Ibsen Martínez: Semana Santa en Caracas
La tiranía está decidida a perpetuarse a sangre y fuego, pero tiene ya sus días contados
En política, una semana es un tiempo muy largo”.
La frase, comúnmente atribuida al líder laborista y dos veces primer ministro británico Harold Wilson fue evocada oportunamente el pasado 7 de abril por Francisco Quico Toro, editor ejecutivo de Caracas Chronicles.
En efecto, la manera como en Venezuela se han despeñado graníticas moles de arbitrariedad y desprecio a la ley que parecían inconmovibles, otorga razón al líder inglés. Apenas semanas atrás, Nicolás Maduro podía ufanarse de haber capeado la ola de multitudinarias manifestaciones de protesta promovida por la Mesa de Unidad Democrática (MUD) en octubre pasado, encaminada a forzar la convocatoria a un referéndum revocatorio.
Pareció entonces que dos estrategias opositoras que en 2014 habían demostrado ser irreconciliables, confluían al fin en los últimos meses de 2016, así no fuese concertadamente entre ellas, para poner a Maduro contra la pared y obligarlo a él y al partido mayoritario de la proterva coalición de cacos y narcogenerales que lo apoya, a dejar el poder. El movimiento de pinzas que en un extremo tenía a multitudinarias manifestaciones callejeras, y en el otro, al para muchos exasperante forcejeo de la dirigencia democrática y constitucionalista con un Gobierno de forajidos, fracasó cuando la MUD pareció caer en una celada.
La añagaza con que Maduro logró detener la ofensiva civilista y democrática fue promover un “diálogo” apadrinado por el Vaticano y por trapisondistas internacionales de la talla de Ernesto Samper, José Luis Rodríguez Zapatero y un tercero, un político quisqueyano que ni sé cómo se llama. (Me pasa con el descafeinado expresidente de República Dominicana lo mismo que a Jerry Seinfeld cuando le toca nombrar a los tres tenores y dice: Domingo, Pavarotti y “el otro tipo”).
Pese a algunos comunicados aclaratorios de su escrupuloso papel mediador, nunca estuvo claro para la gran masa opositora venezolana de qué lado estaba el Vaticano.
Y aun sin presumir entreguista mala fe en la dirigencia demócrata, el efecto neto que tuvo el inconducente “diálogo” fue un recrudecer de los reflejos antipolíticos de los opositores de a pie.
Cundió entre la gente, no solo el desánimo, sino la indignación al ver cómo el cantinflérico y siempre mendaz Maduro hurtaba el cuerpo a las elecciones regionales que debieron realizarse en diciembre pasado y a las condiciones que puso la oposición para “dialogar”. Estas eran, entre otras, la libertad de todos los presos políticos, abrir un canal internacional de ayuda humanitaria y una fecha en 2016 para el referéndum.
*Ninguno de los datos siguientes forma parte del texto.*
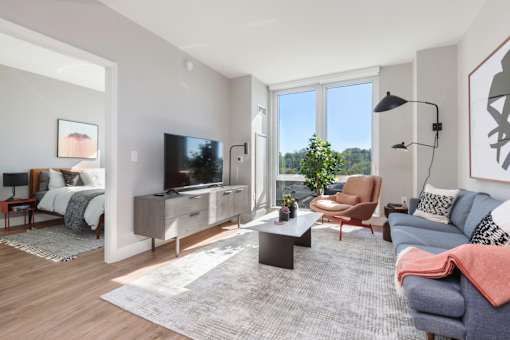 a living room with a couch and a coffee table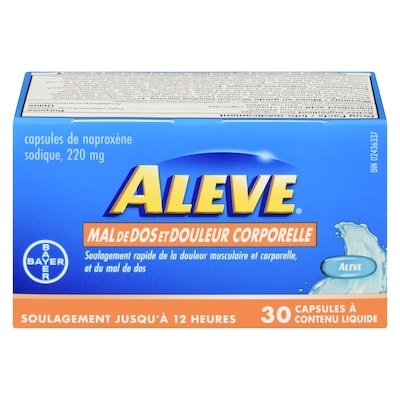 ALEVE Mal de dos et douleur corporelle en gélules liquides 30 ea, 0,42 $/1ch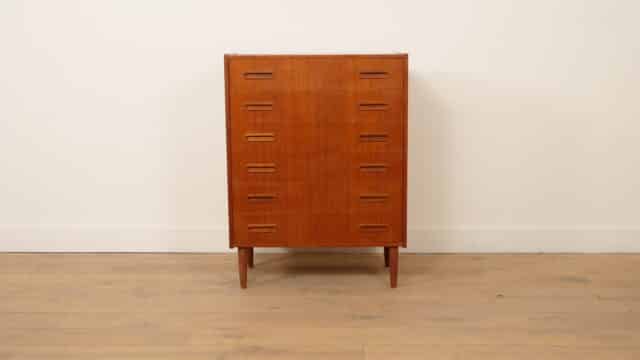 Vintage Deense Ladekast Teak 6 Lades 101 Cm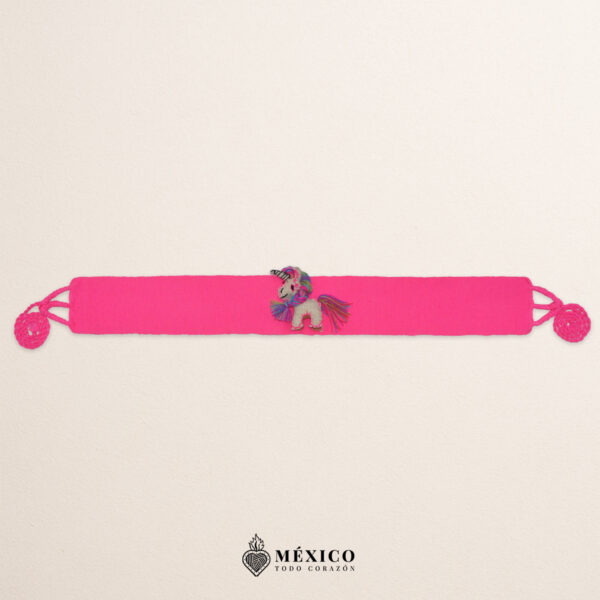 Pink artisan Mexican waist belt featuring a baby unicorn embellishment in felt appliqué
Al mismo tiempo, el Gobierno seguía encarcelando dirigentes de los partidos democráticos. La MUD cayó es un descrédito del que, llegó a temerse, no saldría nunca más. El año terminó sin que la promesa de “salir de Maduro ante de seis meses”, hecha en enero pasado por el entonces presidente de la Asamblea Nacional, se cumpliese.
Así estaba la pizarra de anotaciones del partido cuando, envalentonado y dispuesto a patear el tablero y propinarle el proverbial definitivo palo a la lámpara, Maduro obtuvo de su obsecuente Tribunal Supremo una sentencia que disolvía de facto la Asamblea y lo investía con todas las potestades de un dictador. De la noche a la mañana, la resuelta reacción de la MUD, la indoblegable protesta callejera en la que todos los dirigentes democráticos, sin excepción, se han jugado valientemente el pellejo cada día junto a los batalladores manifestantes, ha deparado a Maduro un volte-face de la Fortuna.
Esta Semana Santa ha comenzado su camino al Calvario. La tiranía chavista está decidida a perpetuarse a sangre y fuego y lo está demostrando, pero, irremediablemente para ella, tiene ya sus días contados.